DevOps is all about automation and continuity. The word “continuous” seems to be the root of many agile concepts in today’s world. As agile adapts and takes on more and more evolving practices, the glossary for this lean-structured methodology gets thicker and thicker.
Earlier we had discussed about continuous as a DevOps buzzword, and the continuous continuousness of DevOps because it seems like everything is continuous. There’s continuous delivery, continuous integration, continuous testing, continuous deployment, etc.
Continuous Delivery is the practice of ensuring that code can be rapidly and safely moved (aka “delivered”) between development, testing and staging environments. Every application/code change is delivered to a “production-like” environment through rigorous automated testing. This system for testing code incrementally and frequently to ensure quality is referred to as Continuous Integration. The value lies in the practice of continually integrating changes, so the system can catch errors and failures while they’re still small and manageable. Your automated, continuous integration system provides a level of confidence that the application can be deployed to production (in theory with a push of a button) when the business is ready.

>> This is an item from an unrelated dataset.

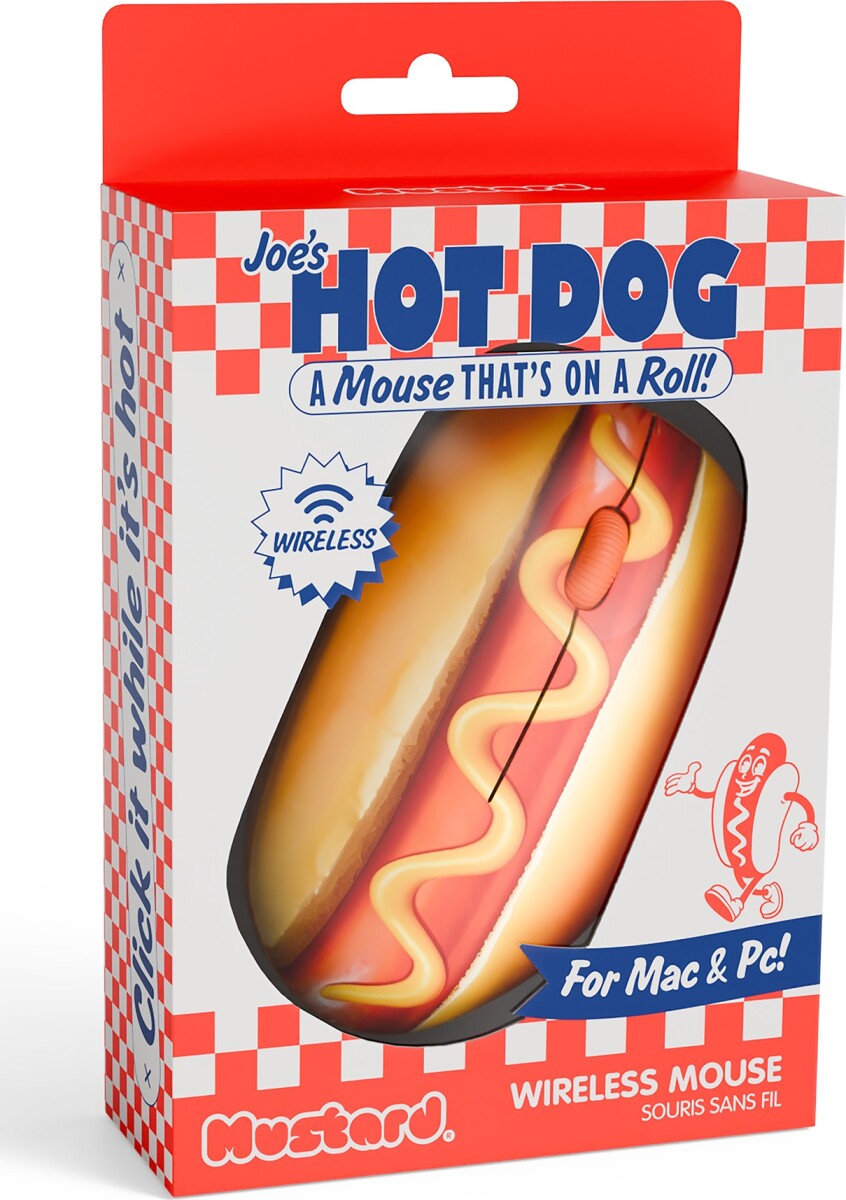 Mustard - Hot Dog Mouse - Vibrant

Continuous Deployment is the next step in this model. Continuous deployment can be thought of as an extension of continuous integration, aiming at minimizing lead time, the time elapsed between development writing one new line of code and this new code being used by live users, in production. To achieve continuous deployment, the team relies on infrastructure that automates and instruments the various steps leading up to deployment, so that after each integration successfully meeting these release criteria, the live application is updated with new code.
Today’s DevOps teams have a lot of capabilities at their fingertips and are advancing these disciplines to realize the most common benefits:
- Speed & Agility. Short time to market delights your customers with the latest features and functions. Business stakeholders seek the agility to meet market demands and compete for the customer’s attention.
- Scope & Scale. Automation testing mitigates risks by testing every new iteration of your code, instead of testing once a day, or once a week. That limits the damage that can be done if something breaks. Testing incrementally also makes it easier to identify and remediate errors.
- Governance & Quality. Fast changes, and lots of them, require organizational alignment. Automation, when designed correctly, facilitates communication and workflow across diverse teams. Automation eliminates — or at least vastly reduces — the opportunity for people to cause errors.
Continuous Feedback – For every step of this build-measure-learn cycle, you need feedback. Both from your customers or users, and from your team members, especially in an onsite offshore model and and it’s hard to plan pairing sessions due to different timezones.
Don’t ever economize on feedback and user input. Remember: this is where ‘the corporations’ fail, building stuff that people don’t need. Rather: select, build, measure, improve, and keep the pace!
Apart from these is a wide variety of continuous automation solutions for DevOps: continuous delivery, continuous deployment, continuous improvement, continuous integration, continuous monitoring, continuous testing, and more. Providing continuous delivery, continuous operations, and continuous services and having a client centric approach gets better and more towards – “everything”.